Somut olayda, taraflar arasında 01/09/2009 başlangıç tarihli , 1 yıl süreli, aylık 1.000 TL bedelli kira sözleşmesi bulunduğu konusunda uyuşmazlık bulunmamaktadır.Sözleşmenin hususi şartlar bölümünün 5. maddesinde yıllık kira artışının Tefe-Tüfe ortalaması oranında artırılacağı düzenlenmiştir. Taraflar arasında imzalanan kira sözleşmesi bir yıl süreli olup, sözleşme süresinin bitiminden sonra kira sözleşmesi Türk Borçlar Kanununun 347. maddesi gereğince aynı koşullarla yıldan yıla yenilerek devam edecektir. Kira sözleşmesinde aylık kira miktarı açıkça belirtilmiş, hususi şartlarda da kira parasının ne şekilde artırılacağı tereddüte yol açmayacak ve kolayca hesaplanacak şekilde gösterilmiştir. Sözleşmeye bağlılık ilkesi gereği, bu artış şartı tarafları bağlar ve davalı kiracının yıllar itibariyle sözleşmedeki artış oranına uygun artışlarla kira parasını ödemesi gerekir.
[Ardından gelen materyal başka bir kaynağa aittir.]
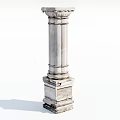 Classical White Stone Column With Ornate Design And Pedestal Base 3d model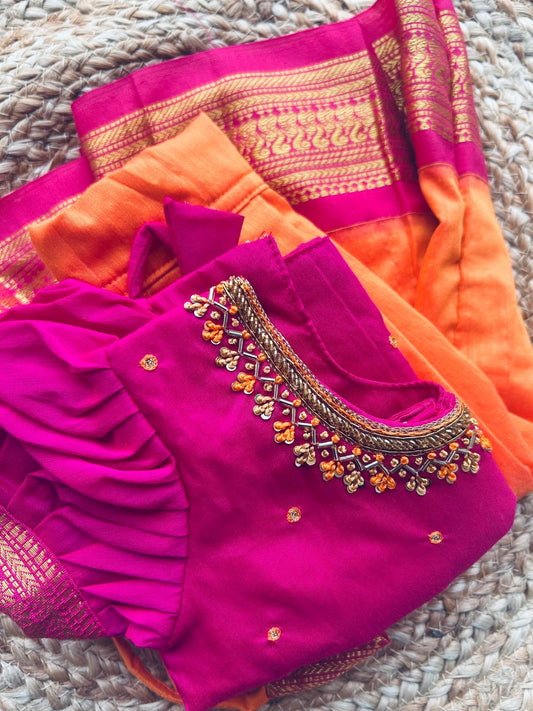 Orange and Pink Embroided Langa Blouse – Traditional Zari Border Cotton Dress for Baby Girl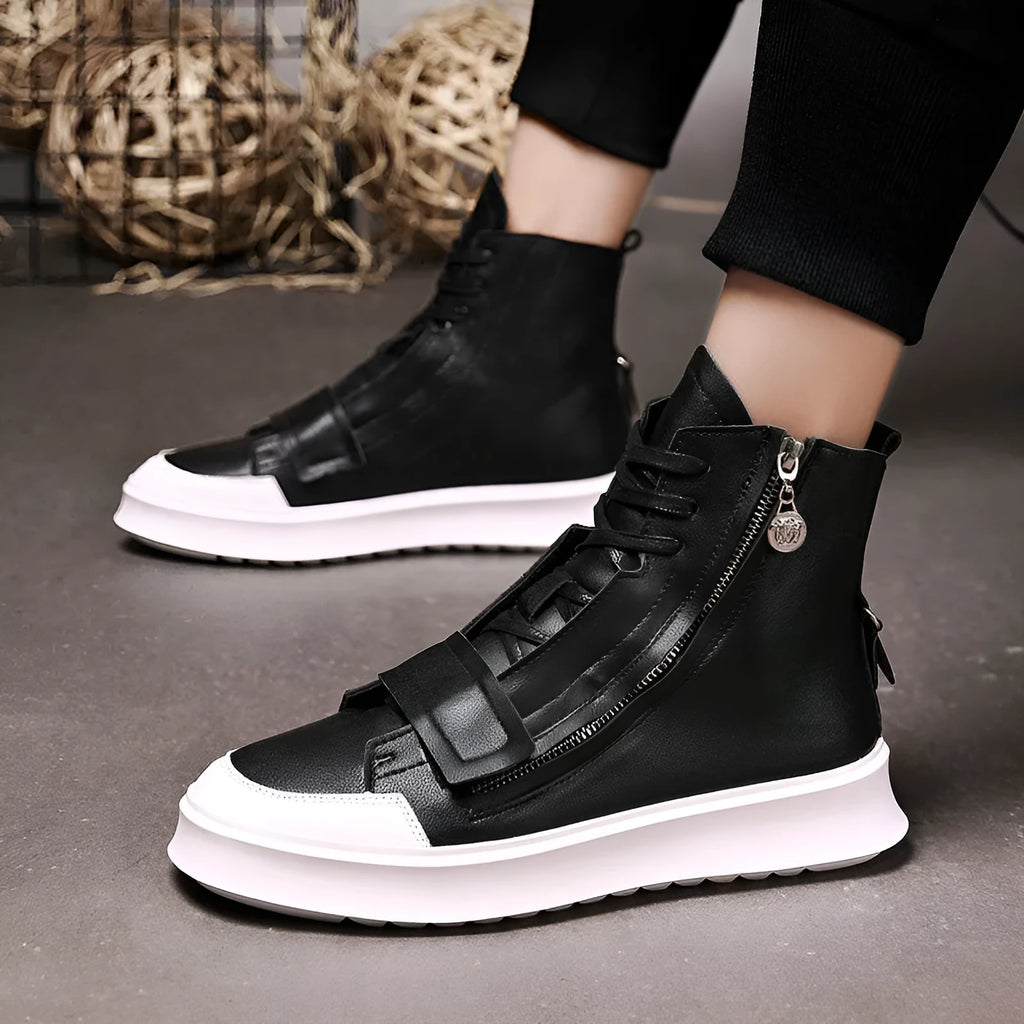 Men's black and white high-top sneaker-style ankle boots made from microfibre PU leather.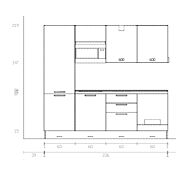 Cucina lineare 2,40 mt, Visone e Noce moro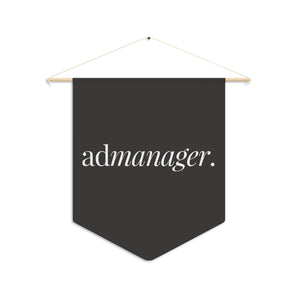 AdManager, title black pennant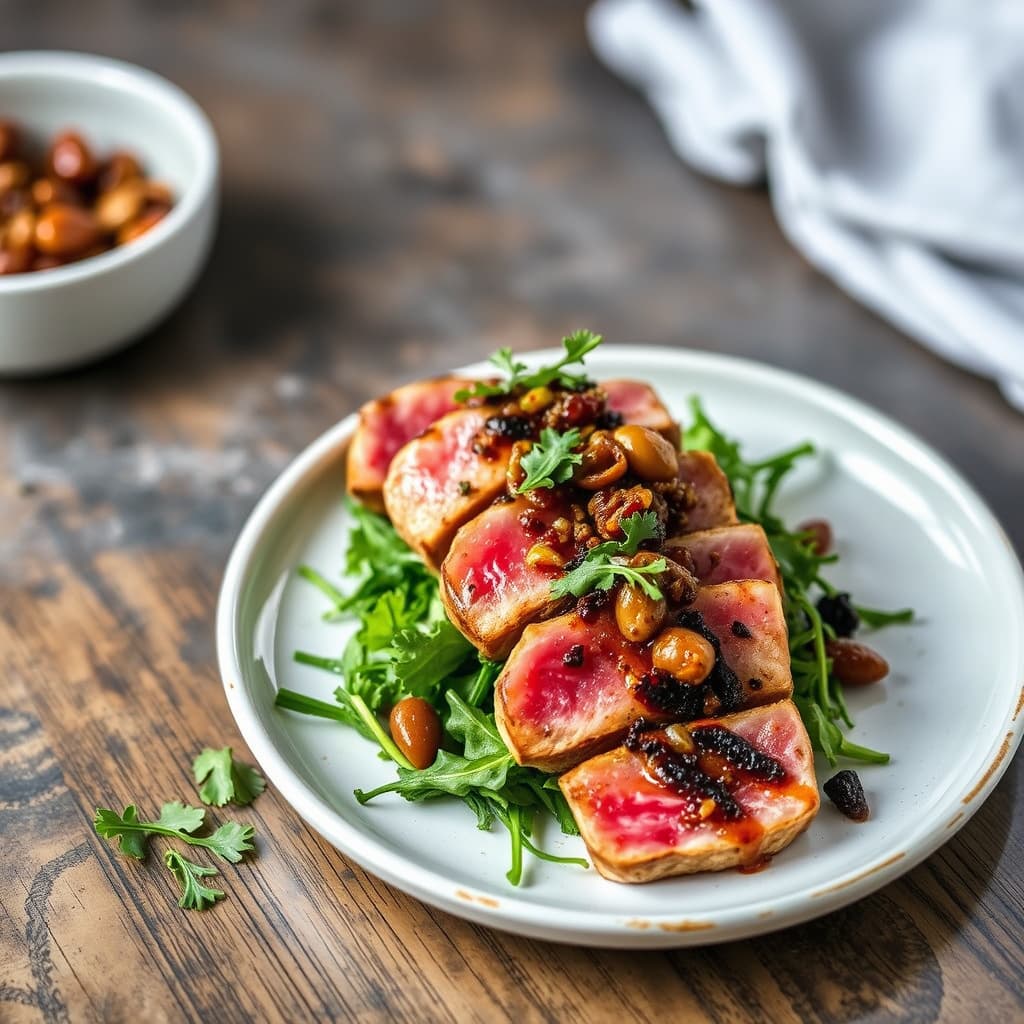 Stekt tunfisk med oliventapenadevinaigrette og ruccola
Yazılı kira sözleşmesinde kararlaştırılan artış oranı karşısında kira bedelinin artırılmaması hususunda taraflar arasında zımni anlaşma yapıldığı iddiası davalı tarafça ispat edilememiştir. Bu durumda mahkemece sözleşmede yazılı artış oranı esas alınarak TBK yürürlük tarihi olan 01/07/2012 öncesinde kira sözleşmesinde bulunan artış şartı esas alınarak, yürürlük tarihi sonrasında ise TBK’nın 344. maddesinin 17.01.2019 tarihli değişiklik öncesi metninde yer alan sınırlama dikkate alınarak 12 aylık ortalama üfe endex oranını geçmemek kaydıyla taraflar arasında yapılan sözleşme hükümleri doğrultusunda kira miktarı tespit edilerek, ödenen kiraların mahsubu ile kalan miktar belirlenerek sonucuna göre alacak talebi ile ilgili bir karar verilmesi gerekirken, yazılı gerekçe ile davanın reddine karar verilmesi usul ve yasaya aykırı olup bozmayı gerektirmiştir.
SONUÇ: Yukarıda açıklanan esaslar gözönünde tutulmaksızın yazılı şekilde hüküm tesisi isabetsiz, temyiz itirazları bu nedenlerle yerinde olduğundan kabulü ile hükmün HUMK.nun 428.maddesi gereğince davacı yararına BOZULMASINA ve peşin alınan temyiz harcının istek halinde temyiz edene iadesine, 6100 sayılı HMK’nun geçici madde 3 atfıyla 1086 sayılı HUMK.nun 440.maddesi gereğince karar düzeltme yolu kapalı olmak üzere, 04/02/2019 gününde oybirliğiyle karar verildi.